Derivative of polar equations

Consider an arbitrary polar equation defined as: \[ r(\theta), \ \ \ 0 \le \theta < 2 \pi \] The polar curve can be converted into Cartesian coordinates using parametric equations. The relationship between polar equations and their parametric equivalent is neatly shown below:

So we can define the polar curve parametrically using $\theta$ as the parameter. This is: \[\begin{align} y &= r(\theta) \sin \theta \\ x &= r(\theta) \cos \theta \end{align}\]

The derivative of the two parameters can be found using the product rule, this is a trivial step so I have not included the method: \[\begin{align} \frac{\mathrm{d}y}{\mathrm{d} \theta} = r(\theta) \cos \theta + r'(\theta) \sin \theta \\ \\ \frac{\mathrm{d} x}{\mathrm{d} \theta} = r'(\theta) \cos \theta - r(\theta) \sin \theta \end{align} \]
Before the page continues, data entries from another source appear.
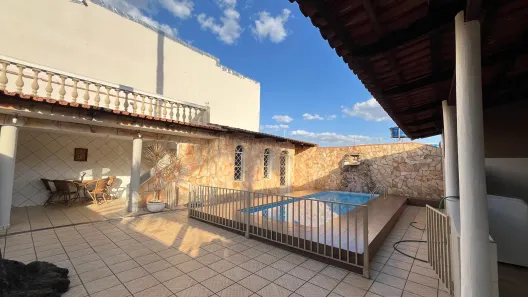 Casa com 3 Quartos à venda, 290m² no Jardim Planalto, Goiânia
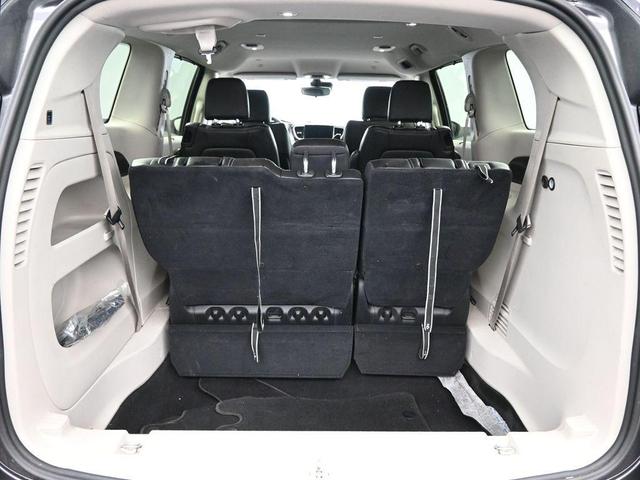 Photo of 2023 Granite Crystal Clearcoat Metallic Chrysler Pacifica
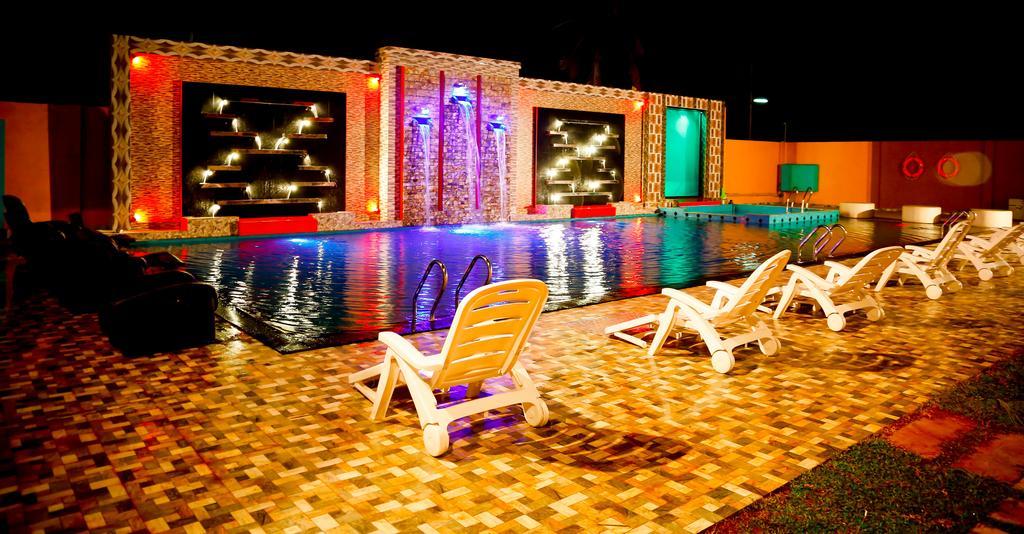 Hotel White House Anuradhapura Eksteriør bilde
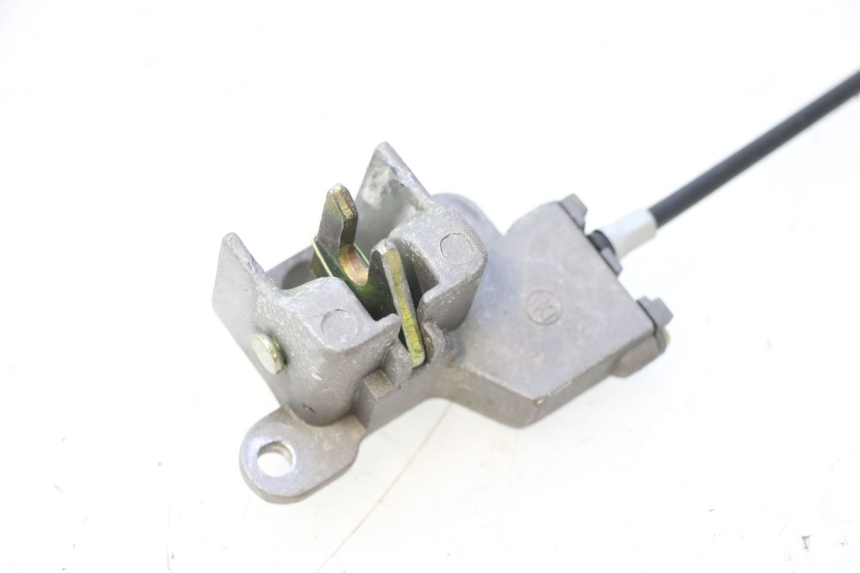 photo de CIERRE ASIENTO HOOK RIDE JUMP 2T 50 (2012 - 2017) - Primer plano técnico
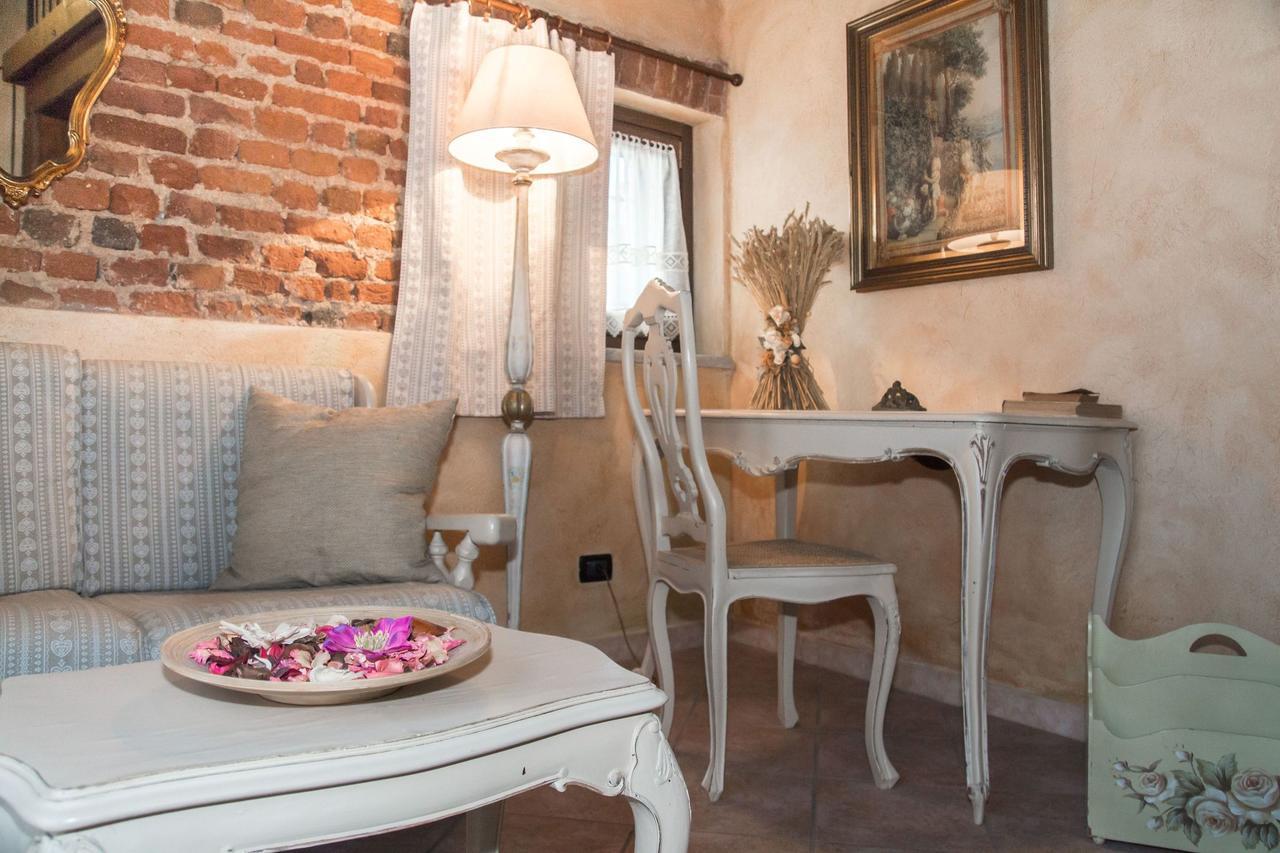 Casa Del Grande Vecchio Bed & Breakfast Airasca Eksteriør bilde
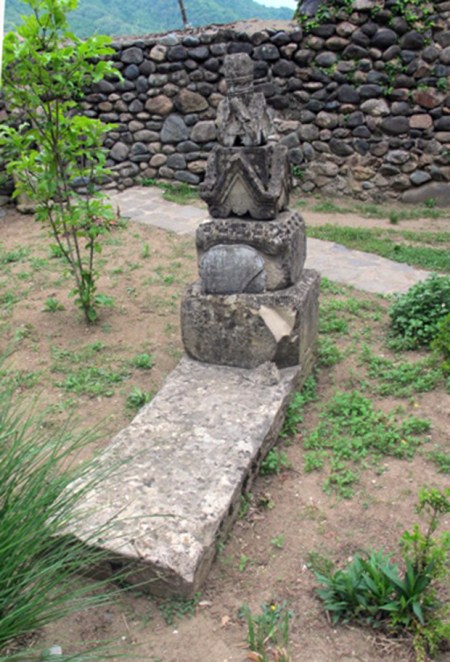 GEORGIA 39.(CONVENTO DE UBISI) TUMBA DE UN MONJE NOTABLE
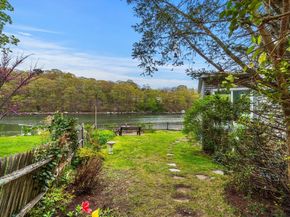 65 Leonard Street, Gloucester MA 01930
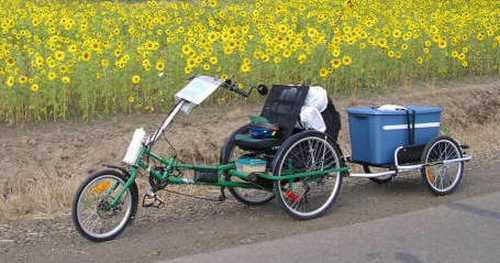 The recumbent tricycle trailer.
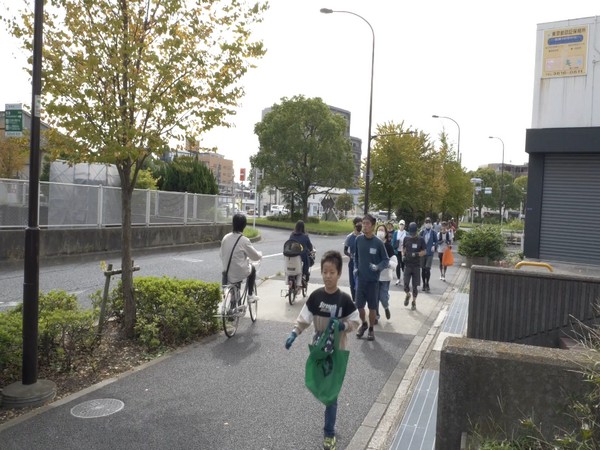 Tokyo Metropolitan government organises plogging event. 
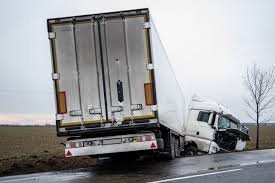 What Are the Common Causes of Jackknife Truck Accidents and Injuries? | LMD  Injury Lawyers, Accident Injury Attorneys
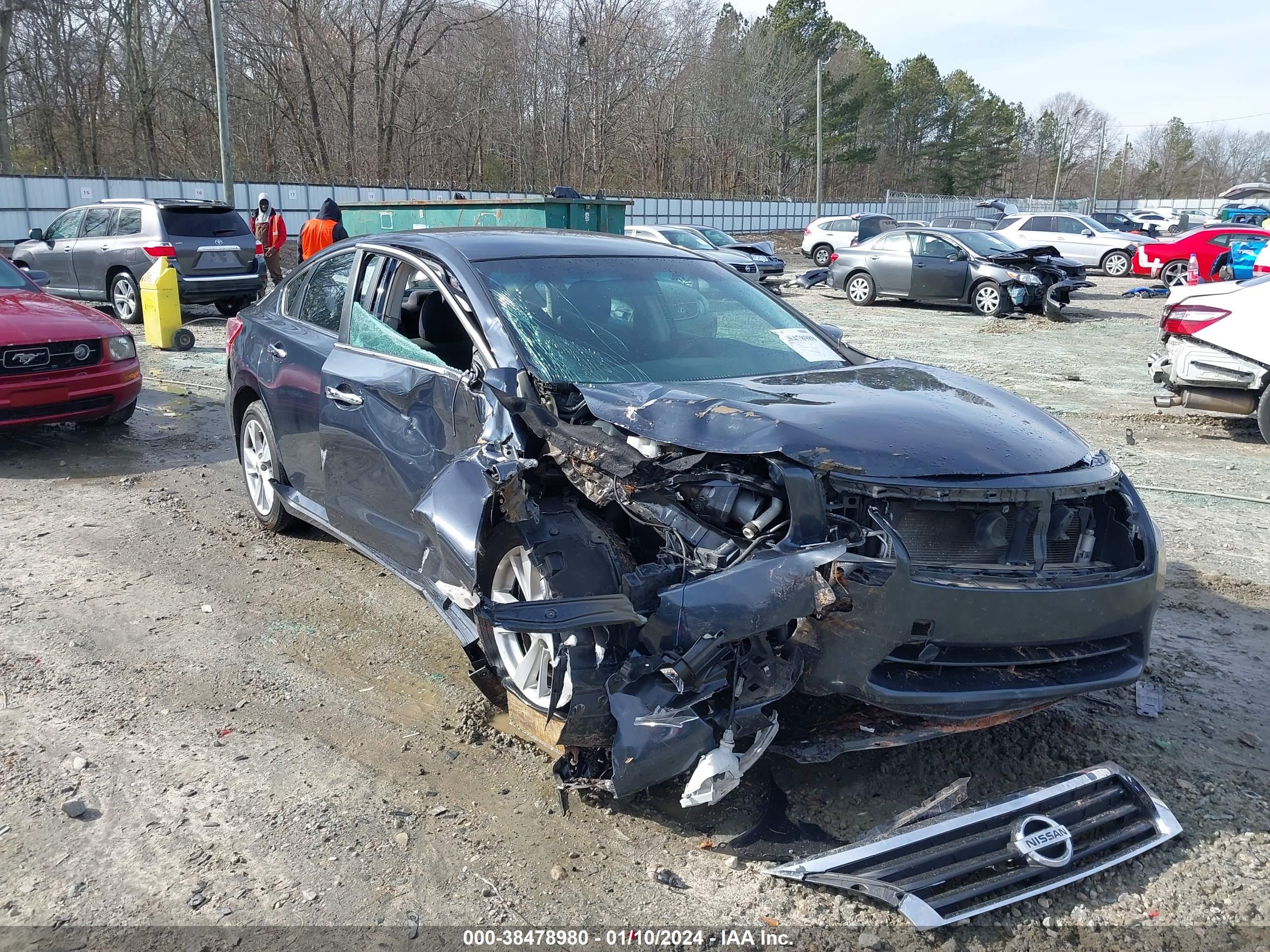 2013 NISSAN ALTIMA — VIN 1N4AL3AP9DC256317 — photo 1 of 16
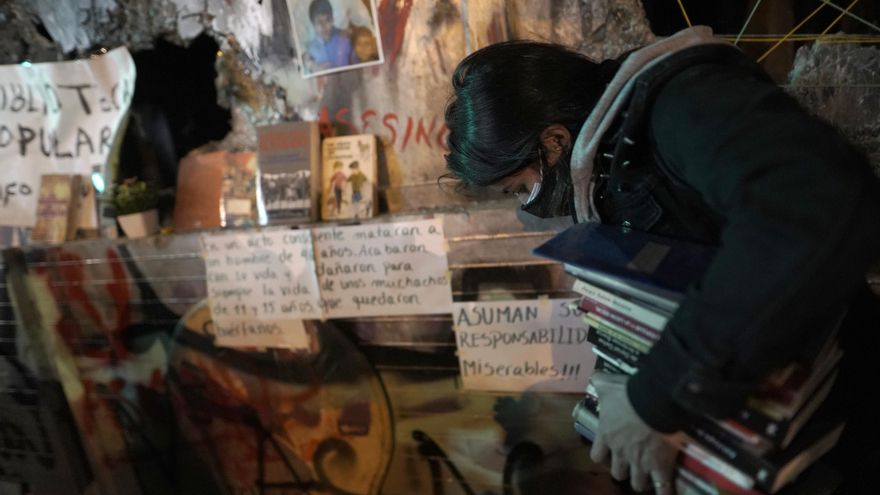 Carteles sobre los abusos policiales en Bogotá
We can apply the chain rule to find the derivative of this set of parametric equations: \[\begin{align} \frac{\mathrm{d}y}{\mathrm{d}x} &= \frac{\mathrm{d}y}{\mathrm{d} \theta} \times \frac{\mathrm{d} \theta}{\mathrm{d}x} \\ \\ &= \frac{\mathrm{d}y}{\mathrm{d} \theta} \times \frac{1}{\frac{\mathrm{d} x}{\mathrm{d} \theta}} \end{align}\] So substituting in the two derivatives: \[ \frac{\mathrm{d}y}{\mathrm{d}x} = r(\theta) \cos \theta + r'(\theta) \sin \theta \times \frac{1}{r'(\theta) \cos \theta - r(\theta) \sin \theta } \] Hence the derivative of an arbitrary polar equation is: \[\frac{\mathrm{d}y}{\mathrm{d}x} = \frac{ r(\theta) \cos \theta + r'(\theta) \sin \theta }{r'(\theta) \cos \theta - r(\theta) \sin \theta} \]